Aujourd'hui, le ministre de l'économie est face à des problèmes pratiques et urgents. Comment calmer les prix des produits alimentaires et faire pression sur les prix de l'essence. Il multiplie donc les réunions de médiation entre la grande distribution et les industriels pour qu'ils s'entendent sur une modération des marges et parallèlement, il fait passer la pédagogie du marché auprès des consommateurs pour qu'ils fassent jouer la concurrence.

La gestion des prix de l'essence va être plus délicate à gérer parce que la part des dépenses de transport et de mobilité est plus importante que la part des biens alimentaires. L'augmentation d'un plein d'essence fait plus de mal au budget de la famille que le prix du Nutella, surtout que le consommateur peut changer de marque pour son chocolat du matin.

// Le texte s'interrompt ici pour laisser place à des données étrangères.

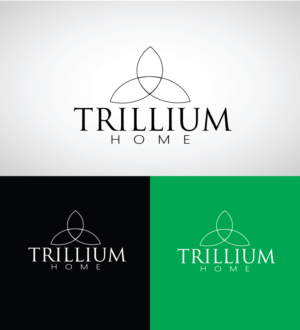 Logo Design by BLACK OFICIELL for Quantum Point Strategies | Design: #20966164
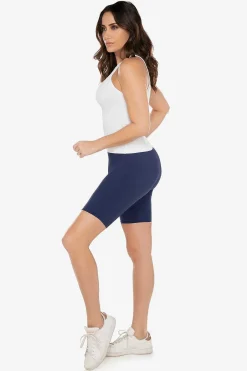 Fiets Broek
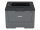 BROTHER HL-L5100DN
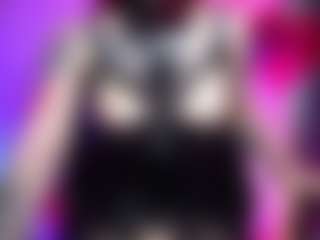 Live cam show with Nellene - Joi on Camming Site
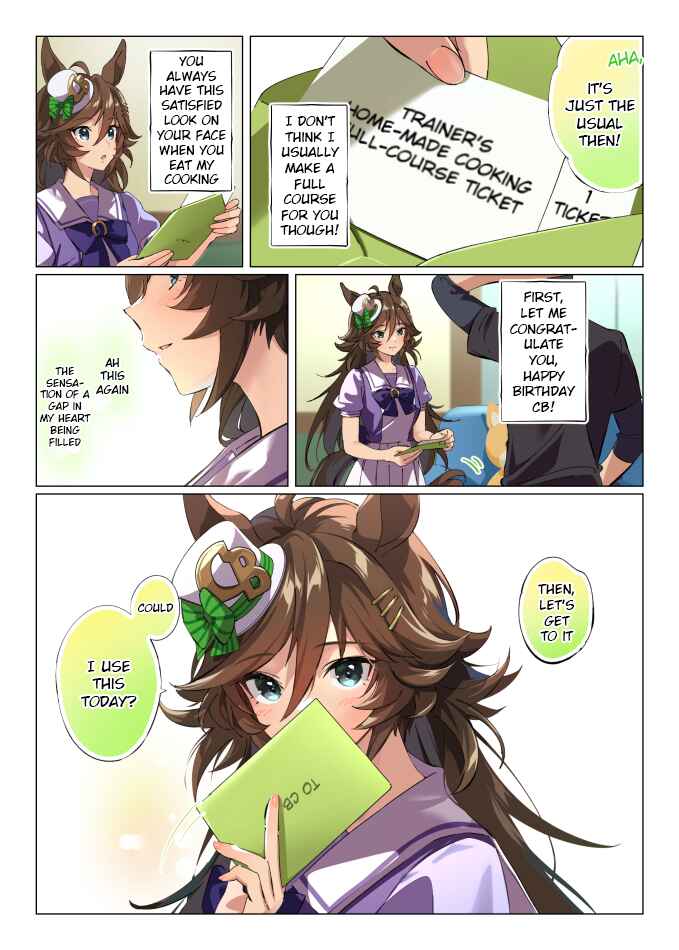 Chapter 53 - Page 2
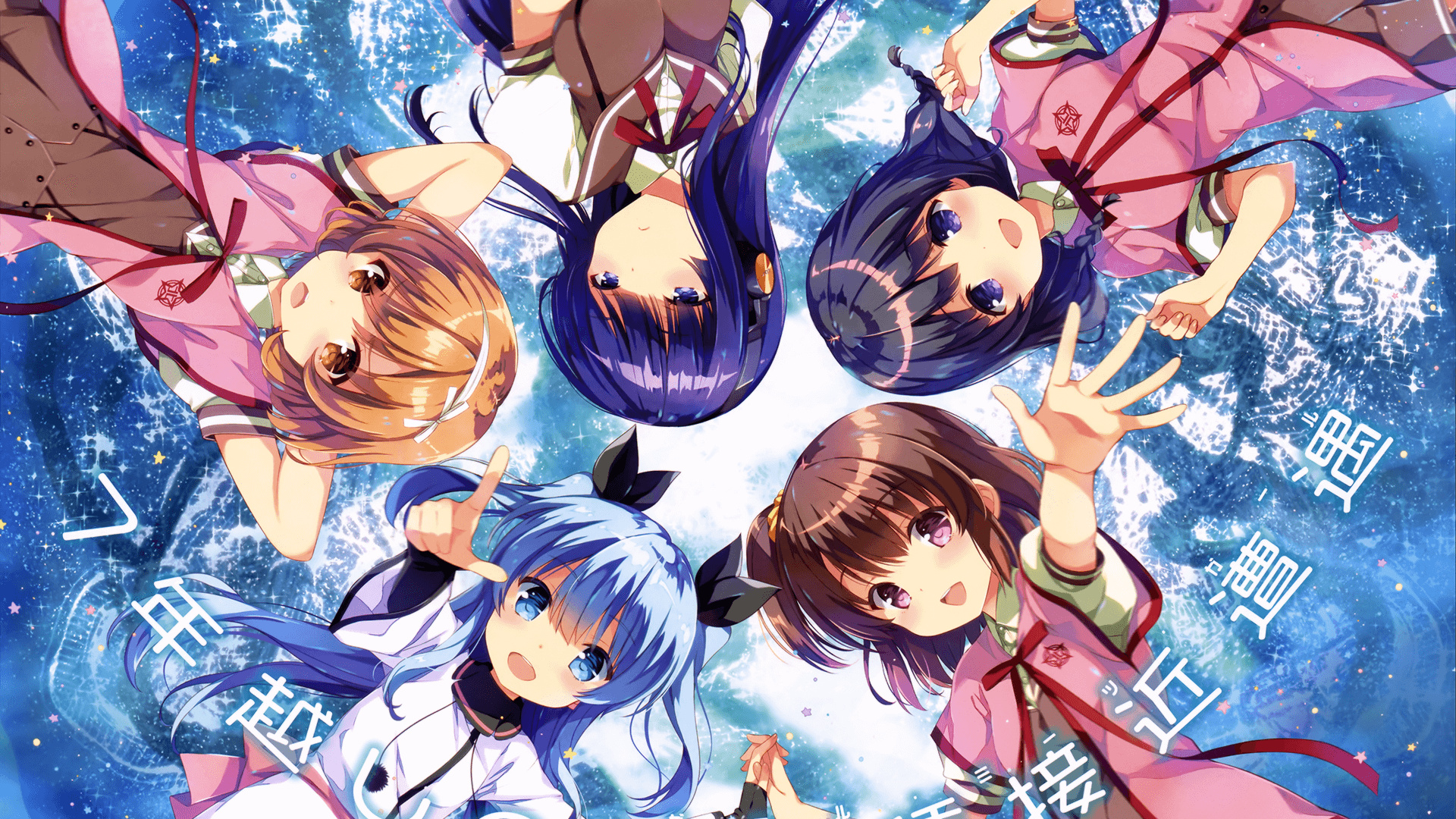 情绪的终局，当兹维列夫在拉沃尔杯燃起一场迟到的火焰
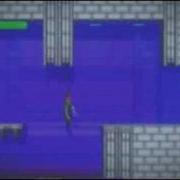 Bionic Commando Rearmed Area 10 World Record Super Hard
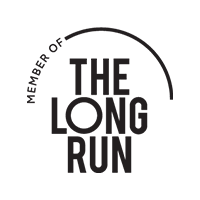 grootbos-web-long-run-logo-200x200-member.png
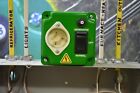 The Original Ez Generator Transfer Switch - Ul   Csa Approved - Usa Made - 12ov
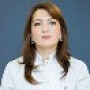 Nahidə Mahmudova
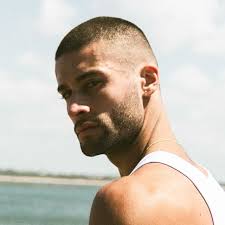 Benjamin Broughton (@ben851) • Instagram photos and videos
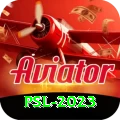 psl 2023 Deluxe Pro v4.9.2
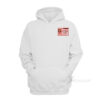 License To Be Horny Hoodie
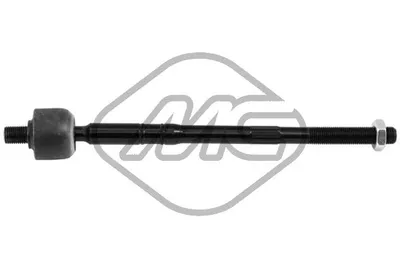 Inner Tie Rod Citroën BERLINGO / BERLINGO FIRST Box Body/MPV · Citroën BERLINGO MULTISPACE · Citroën BERLINGO Box Body/MPV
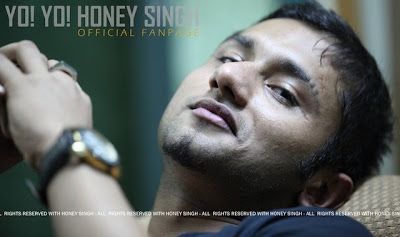 Honey Singh  on Honey Singh Munde Shartaan Te Shartaan Mp3 Song Free Download   5abi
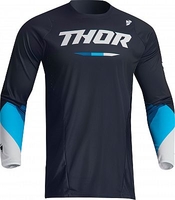 Thor Pulse Tactic S23,  jersey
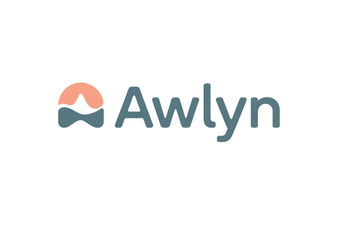 Awlyn logo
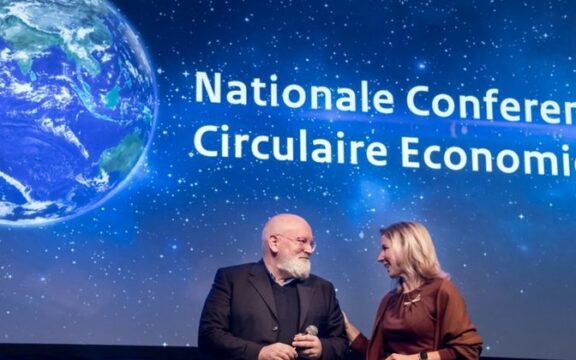Nationale-conferentie-circulaire-economie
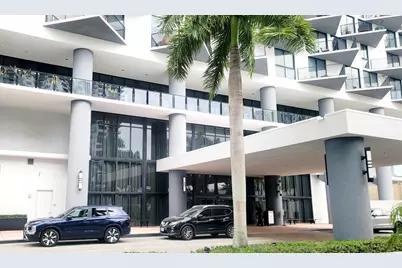 5252 NW 85th Avenue #1208, Doral, FL 33166 - Photo 46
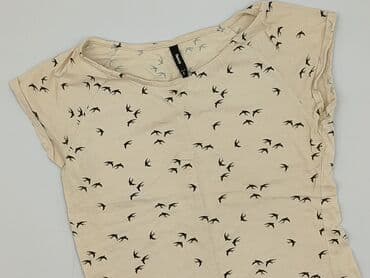 Sinsay, Women`s T-shirt, size S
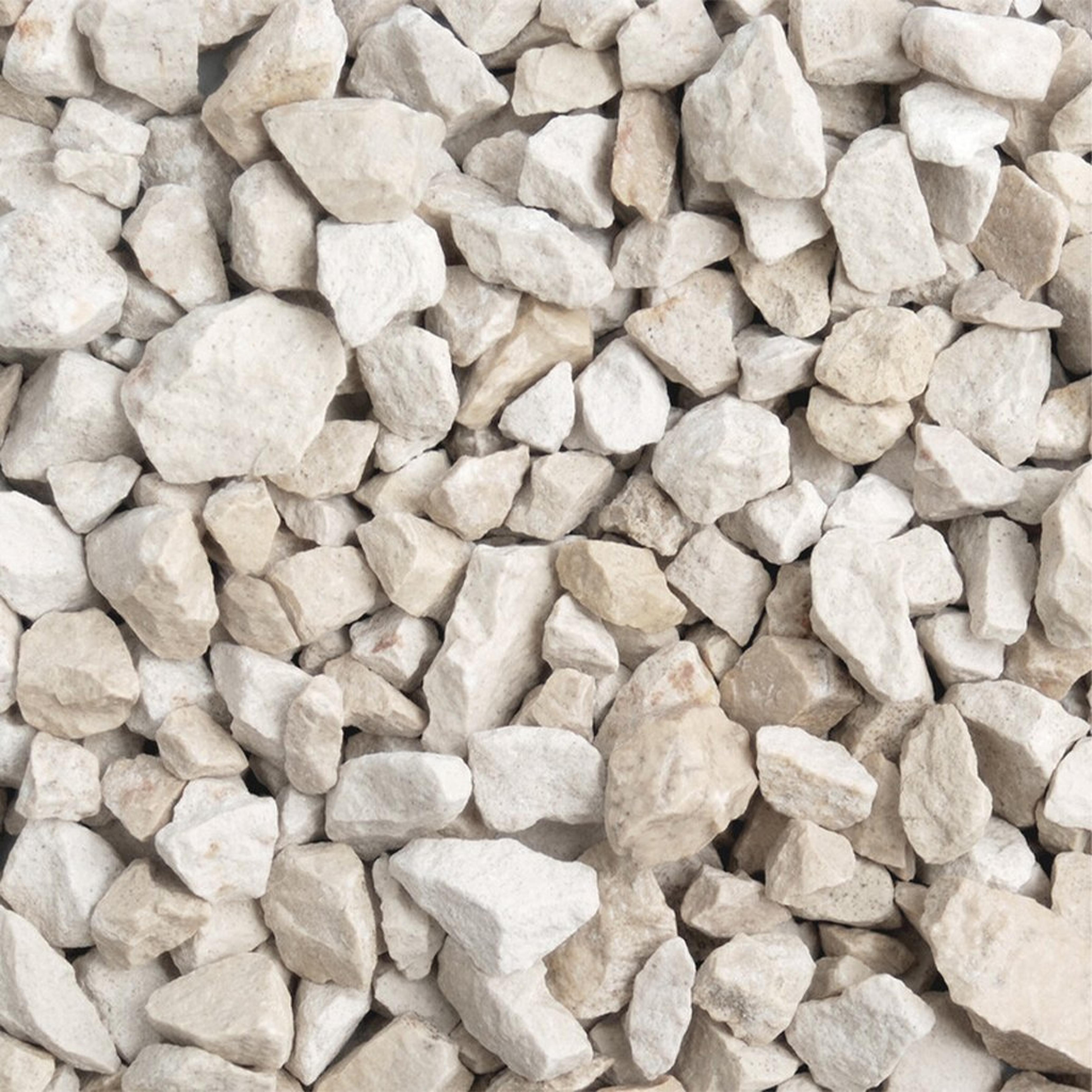Bulk Bag Cotswold Stone - Image 1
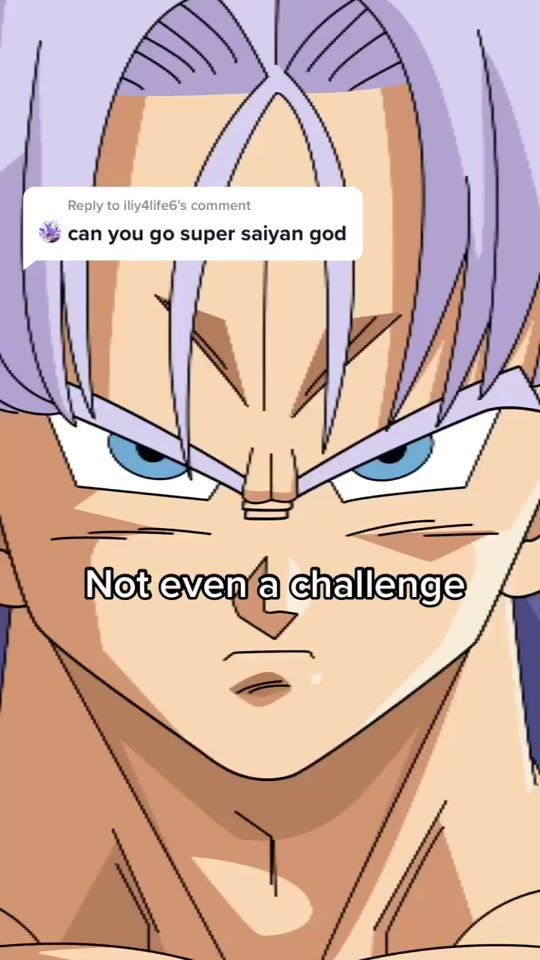 TikTok video thumbnail by official._.mlg._.trunks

Sur ce dossier-là, le ministre de l'économie est sous pression mais proclame haut et fort qu'il ne financera pas une nouvelle ristourne sur le prix de l'essence. La ristourne de 20 centimes par litre qui avait été appliquée pendant presque un an a coûté 12 milliards d'euros.

Pour le budget dont il cherche à contenir les dépenses, il se refuse à s'engager sur une nouvelle dépense de cet ordre-là. D'autant que politiquement, la ristourne envoie des signaux très impactants et contradictoires.

D'un côté, les pays producteurs de pétrole se sentent confortés dans la politique de hausse des prix, parce qu'en fait le coût de la ristourne se retrouve dans leurs poches ;

Mais de l'autre côté, les automobilistes ne sont nullement incités, ou encouragés à freiner leur mobilité ou à chercher une mobilité non carbonée. En clair, si on veut engager la transition énergétique, il faut laisser les prix des énergies fossiles monter et aider l'utilisation d'une électricité propre. D'où les aides et subventions à la voiture électrique.

Cette position devrait être soutenue par les écologistes qui ne souhaitent que le changement dans la mobilité… Mais disons que les écologistes ont du mal à soutenir que ce soit un ministre de l'économie de droite, ministre de Macron, qui fasse ce type de politique.  En attendant d'y voir plus clair, Bruno Le Maire négocie avec Total un engagement de plafonner les prix à la pompe à 2 euros le litre. D'après beaucoup d'études réalisées auprès des automobilistes, le prix de 2 euros semble être le prix maximum au-delà duquel l'opinion se fâche.

Bruno Le Maire risque donc de se retrouver seul face à une classe politique qui est sans doute convaincue de lutter contre le réchauffement climatique, mais qui n'est guère pressée d'en assumer les conditions budgétaires. Il se retrouve d’autant plus seul que le programme qu’il incarne dans l’immédiat n’est guère populaire.